Solo Board Game Review: Crypt

Good evening, solo gamers! I hope life is treating you well. Tonight’s game is a quick little dice rolling game for 1-8 players called Crypt. The story is the king willed his heirs an array of family heirlooms, but was laid to rest with them instead of passing them on to his kin. The servants of his heirs break into the crypt to claim the heirlooms they view as rightly theirs! As is tradition, I will review the solo version (known in Crypt as the “Only Child” variant) of the game in detail, but I’ll provide a few thoughts about the game with higher player counts.

How To Play

The player chooses a dice color and corresponding dice to represent the heir and their servants. An automated player stands in as the ghost of the king, who attempts to reclaim his possessions. Dice and cards are placed in a separate area for the ghost player.

Each character card has two functionally identical sides with different art showing different versions of the heirs.

At the beginning of the game, the player takes the leader and lights out card, which allows them to go first, but only able to place one servant on their turn. On each turn, 3 cards are drawn from the deck, two face up and one face down. The cards are arranged in numerical order, with the face down card counted as 2.5 points. The player may place a servant die on any die face to attempt to claim a treasure on their turn. On the ghost player’s turn, the ghost rolls all dice, and places the highest die on the highest value card if one of the rolled dice are higher than your placed servant die. Then the rest of the dice are placed on the other cards if they are unclaimed, or are able to outbid the player. Once all dice are placed, lower value “outbid” dice are returned to the players, and each player claims the loot.

Inside the (tiny) box

The player rolls all dice that claimed cards. If the die rolls meet or are higher than the claiming value, they are returned to the player. If they are not, the servant is considered “exhausted” and retires to the box lid. On subsequent turns, the player may optionally forgo their turn to recover all exhausted servants.

After the round ends, the Leader and Lights out cards pass to the ghost and rounds repeat until the treasure deck runs out. Every other round, the ghost goes first, but can only place one servant die. Face down cards have value beyond victory points, as the player has access to several “Collector” cards who give the player additional (word missing) when they flip face-down cards.

The Collectors also give additional rewards depending on the amount of types of treasures the players collect. The treasure types are Idols, Jewelry, Manuscripts, Pottery, Remains , and Tapestries.

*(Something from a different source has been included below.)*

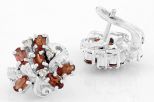 Серьги из серебра с гранатом и фианитами 6 овалов 4х6 мм 31280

After the final round points are tallied, and whoever has the most points, wins! Unexhausted servants grant one additional victory point each.

The game claims a fair amount of table space, despite its small box size.

Game components

Crypt is a budget game that I found on Kickstarter.com about a year ago. It’s unfortunately not currently in production anymore, but I paid about $15 with shipping for it at the time. The dice are of the rounded edge variety, and tend to roll around on flat surfaces, but the faces are easy to read in low light. They are color-coded, so some players may have trouble telling the difference between them. The cards are not the best quality: one of my treasure cards appears to have been slightly warped by water or bent accidentally at some point. The art for the characters is fine, but I enjoyed the treasure art, instruction booklet and the box itself more. I’m a bit of a sucker for games that utilize the box itself for game mechanics. For the price, the game is worth the money, particularly at higher player counts.

Final Thoughts

All hail the mighty mighty instruction booklet. Rest in peace, my king.

I finished the game with 43 points, which according to the instruction booklet means: “The Affluent” – You make a small fortune selling your family heirlooms.

The game is a pleasant enough experience at the solo level. I felt a bit outgunned by the ghost player’s never exhausting dice at times, but managed to acquire enough to make it to one level below the highest esteemed “The Magnificent”. I have played this game a few times with 4 players, and I actually own 2 copies, with included rules to raise the player count to 8. The game is more fun with additional players, as the bidding for items and player interaction is more cutthroat. Players may outbid die face 6’s with two 4’s, 2 5’s or 2 6’s.

I recommend Crypt for someone who likes auction and dice rolling games for 3-8 players more than the solo version of the game. If you’re looking for a fun solo dice rolling game, I recommend “Super Skill Pinball 4-Cade“.